Op grond van deze bewijsmiddelen acht de rechtbank wettig en overtuigend bewezen dat de verdachte de aangever heeft geslagen en gebeten.
Noodweer verweer
De verdediging heeft, zoals gezegd, een noodweer verweer gevoerd ten aanzien van feit 2. Nu het gaat om een mishandeling, zou een geslaagd beroep op noodweer leiden tot vrijspraak.

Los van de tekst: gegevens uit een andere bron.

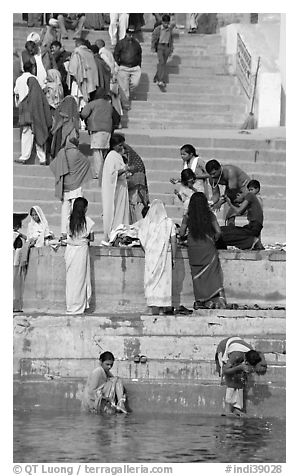 Women rinsing in river Ganges water. Varanasi, Uttar Pradesh, India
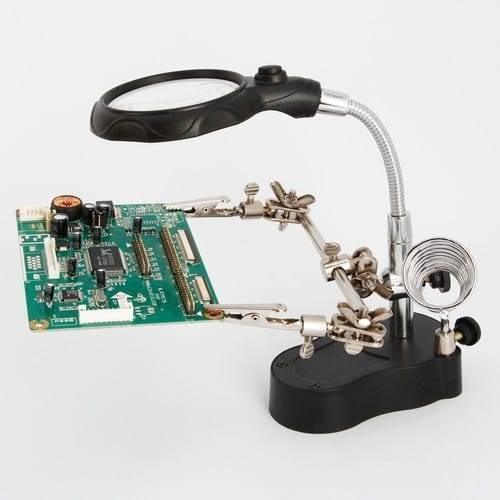 Helping Hand Clip Desktop LED Light Magnifier Glass With Soldering Stand 3.5x 12x - holds a green circuit board with two metal clips on a black base.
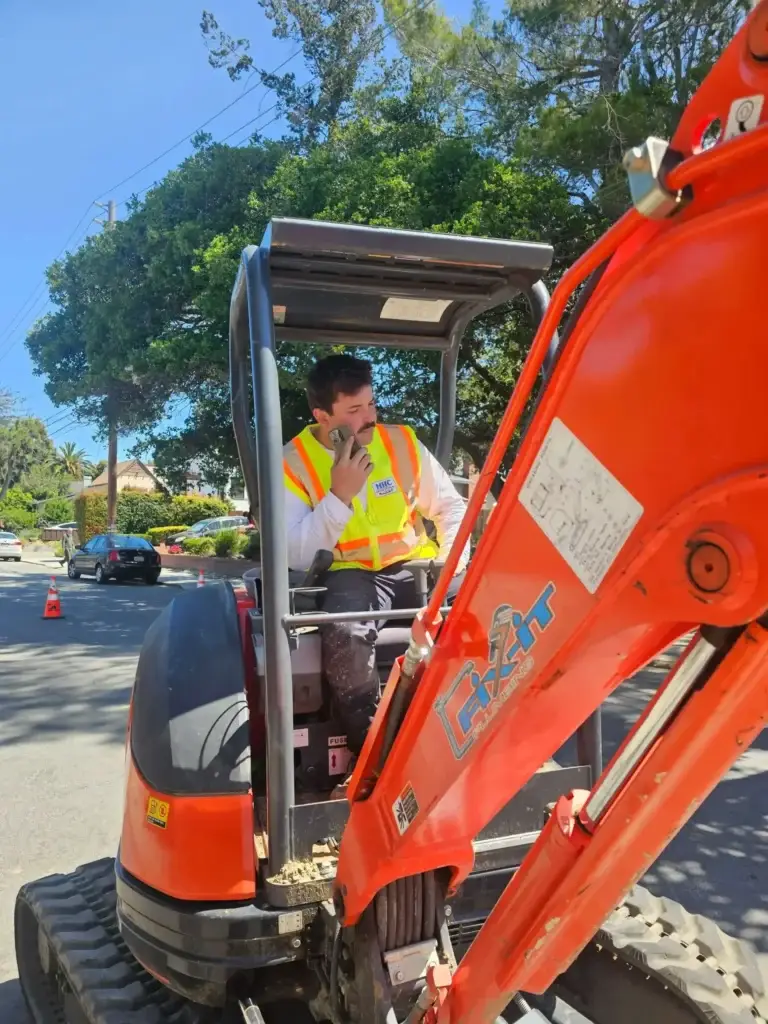 A plumber Bay Area, CA, wearing a white shirt and neon safety vest sits in the cab of an orange excavator on a sunny street, speaking into a handheld radio. Trees and parked cars are visible in the background.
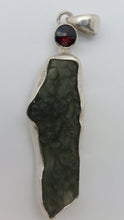 Load image into Gallery viewer, Moldavite Pendant w/Garnet  925  Bezel Set w/Certificate of Authenticity 6.7gr
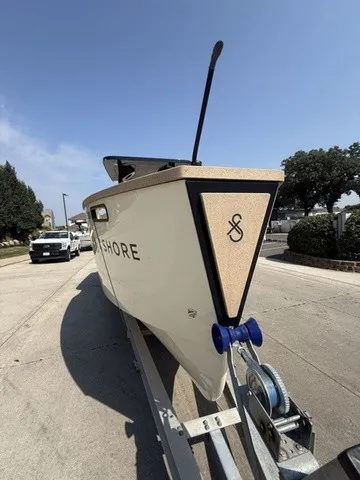 Slide: The Image of A modern boat named X Shore Eelex 8000 on a trailer, ready for transport. - 5
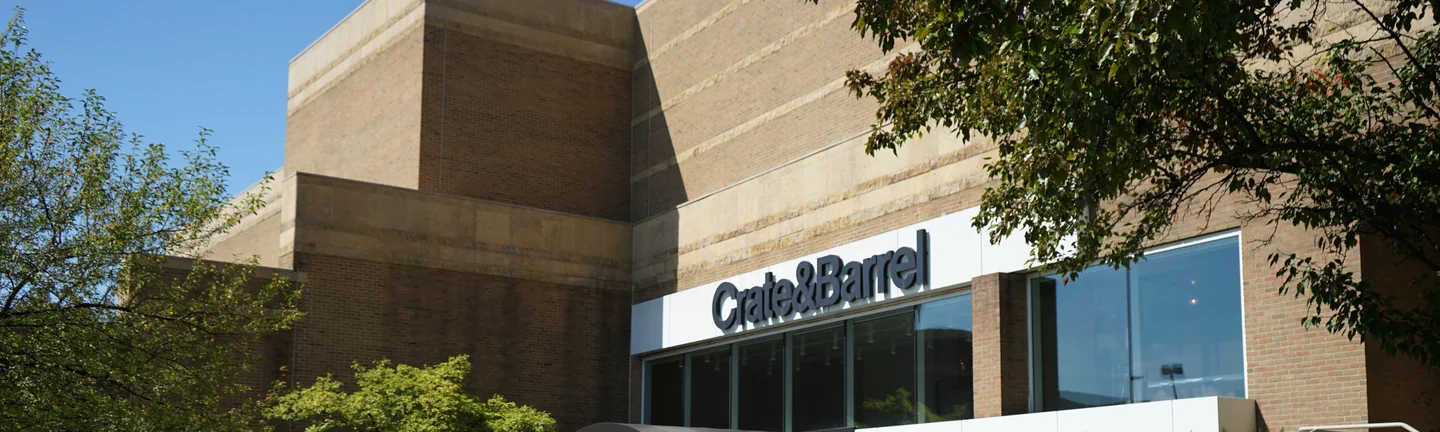The mall in 2019 behind its lawn, a tan brick mass stepping up over a Crate & Barrel storefront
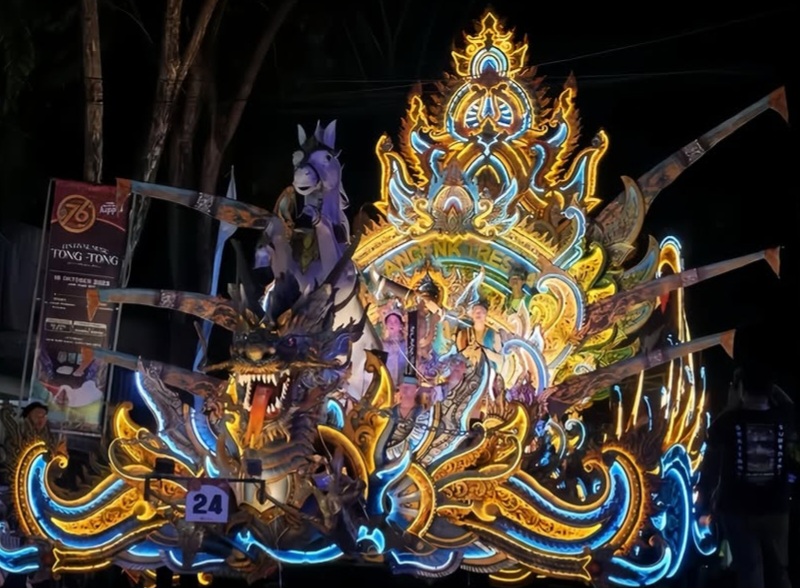Screenshot_20260912_222134_Instagram - Mabur.co Nighttime parade float: an intricately lit, multicolored dragon-themed sculpture with ornate gold and blue patterns, bearing a small number 24 badge at the front.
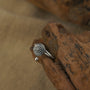 Zenify™ Silver Mantra Ring on wooden surface showcasing unique floral design and sterling silver craftsmanship.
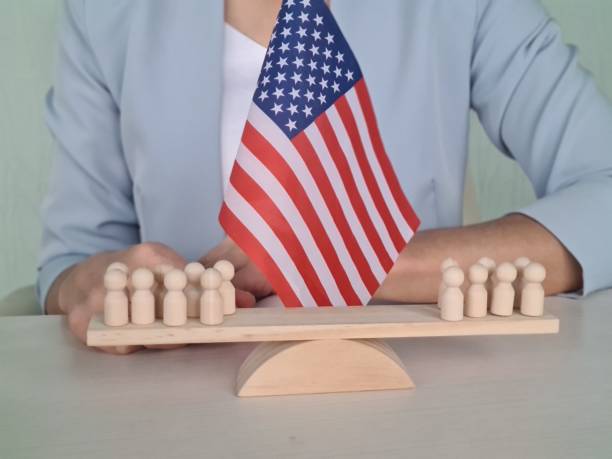 istock Balancing Diversity Wooden People on Scale with American Flag for Unity and Equality Concept 1992154740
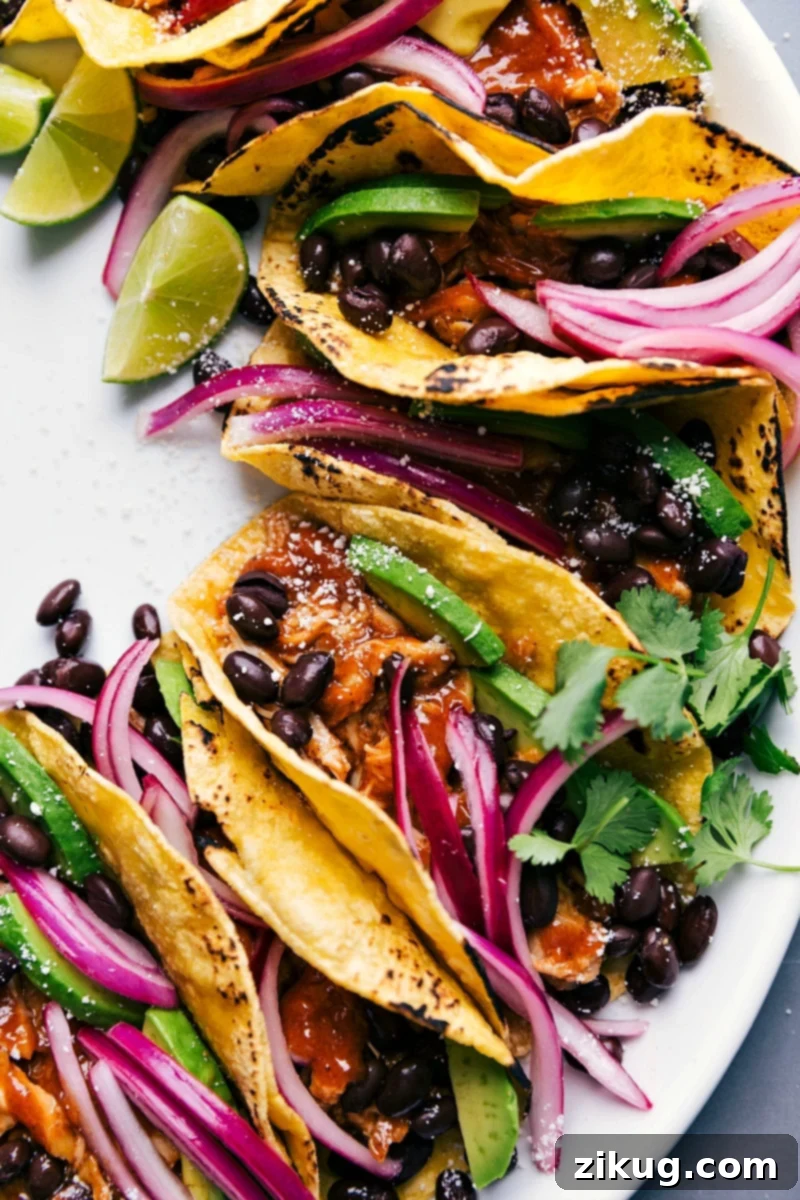 Beautifully prepared chipotle chicken tacos, garnished with fresh cilantro, a vibrant pile of pickled red onions, and other delicious toppings, ready to be enjoyed.
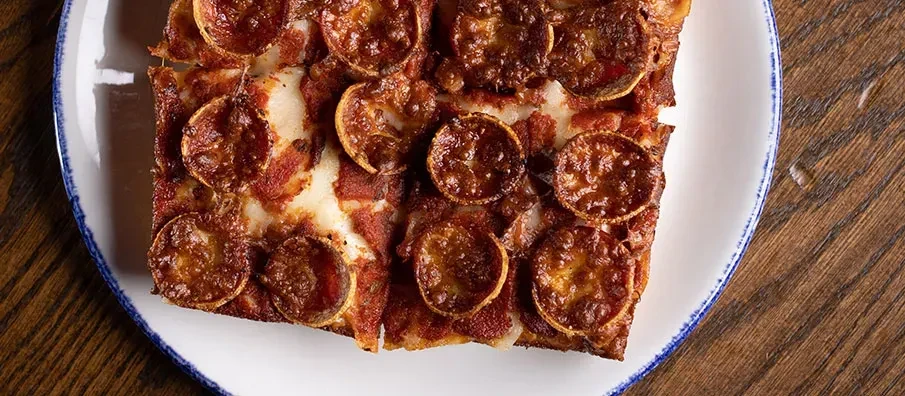 Rectangular deep-dish pizza with melted cheese and cupped pepperoni slices.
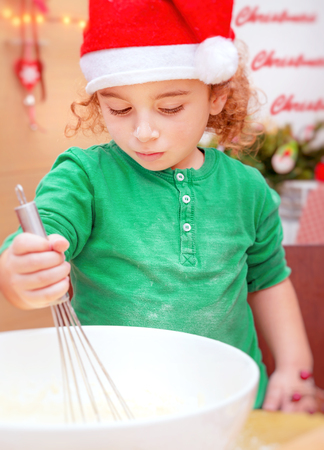 Portrait of a cute little boy wearing red Santa hat making Christmas cookies at home, happy festive time, preparation for winter holidaysの写真素材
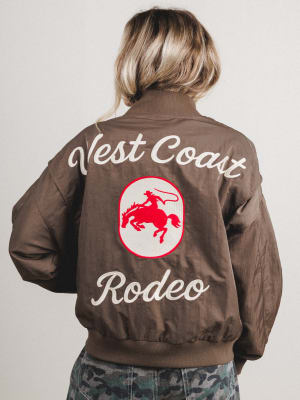 Person wearing a brown jacket with 'West Coast Rodeo' text and logo on the back.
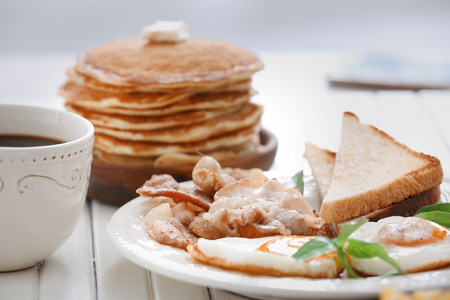 Tasty breakfast with fried eggs, pancakes, bacon and cup of coffee on tableの写真素材
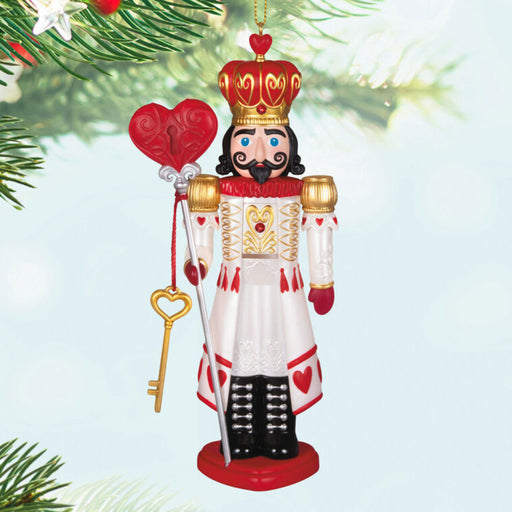 Decorative Christmas ornament of a  king holding hearts and a key, hanging on a tree.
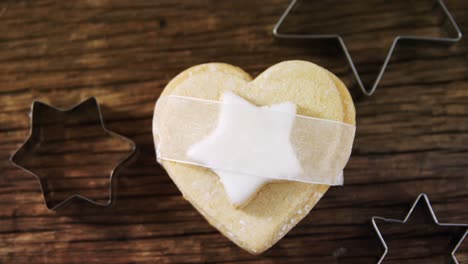 cookie cutter and cookie on wooden plank 4k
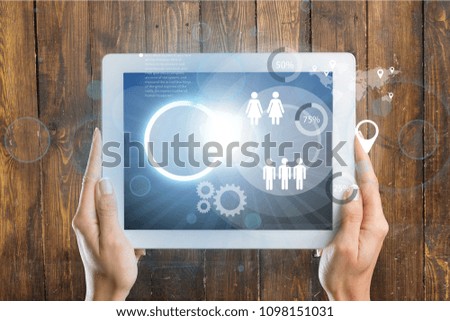 Hand touching tablet with cloud computing icon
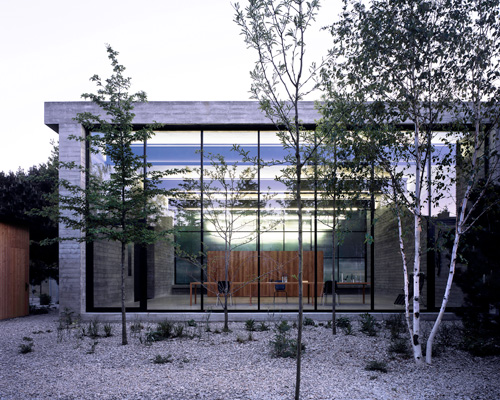 architecture club combines concrete frame with glazed façade for artist's studio in warsaw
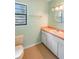 Bright bathroom with a toilet, single sink vanity, and a large window at 120 Bolender Rd, Auburndale, FL 33823
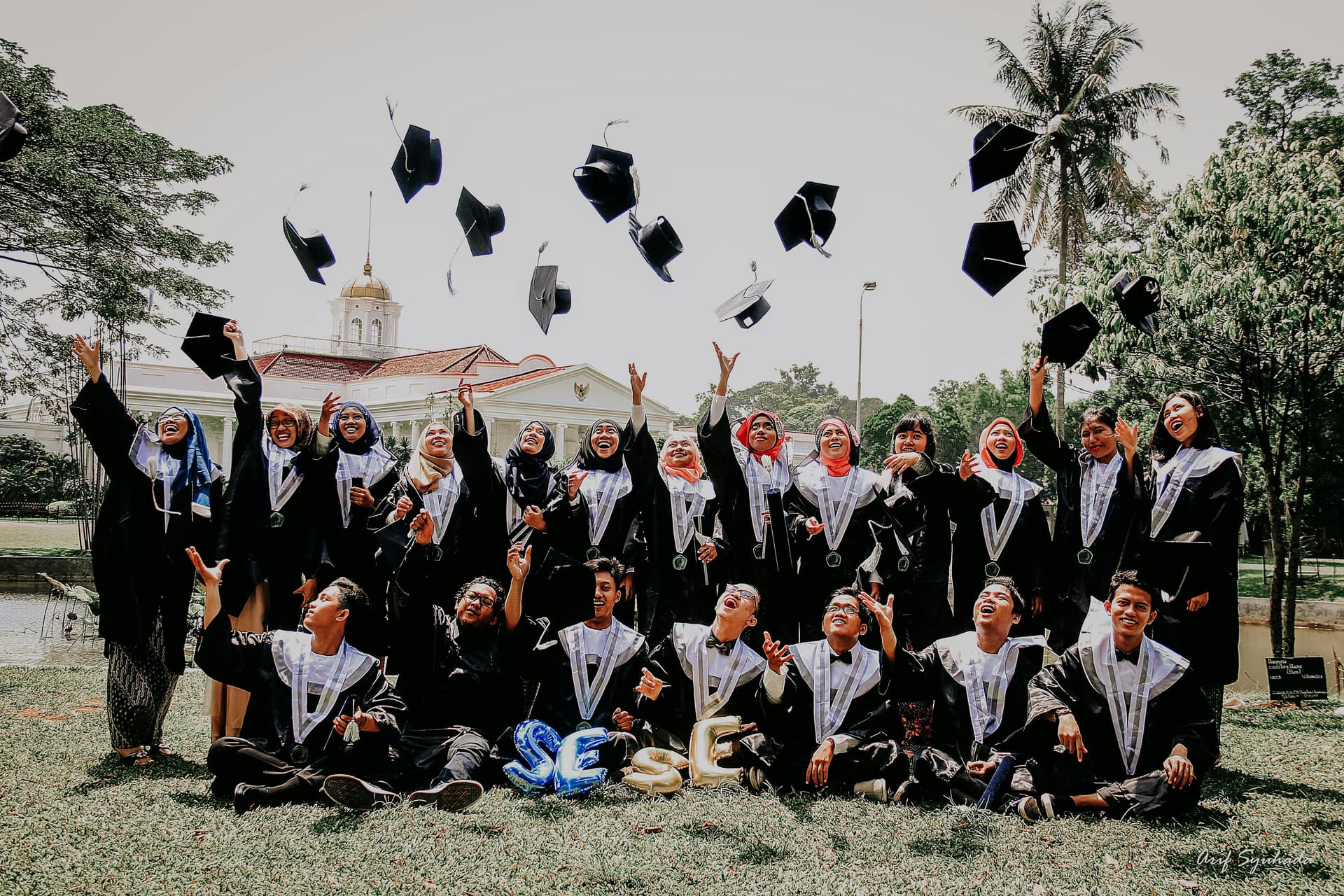 A diverse group of graduates wearing caps and gowns, celebrating their academic achievements together outdoors.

Als de rechtbank uit gaat van de juistheid van de verklaring van de verdachte, dan moet geconstateerd worden dat de verdachte zeer adequaat heeft gereageerd op de dreiging die naar zijn zeggen van de aangever uitging. Hij heeft de aangever vastgepakt en tegen de grond gewerkt en toen heeft [naam] de hamer weggepakt. Daarmee was naar het oordeel van de rechtbank een einde gekomen aan de noodweersituatie. Wat daarna volgde, was een gelijkwaardige confrontatie tussen de verdachte en de aangever waarbij over en weer geslagen werd. Zelfs als de rechtbank ervan uitgaat dat ook in die situatie de verdachte zich (nog) mocht verdedigen, dan is het tot tweemaal toe fors bijten in de blote arm van de aangever niet aan te merken als een proportionele verdediging. Daarbij weegt mee dat indien de aangever de verdachte vlak daarvoor een keer in de rug zou hebben gebeten, niet gebleken is dat de verdachte, die op dat moment een T-shirt droeg, daardoor enig letsel heeft opgelopen.
Het beroep op noodweer wordt, gelet op het voorgaande, verworpen.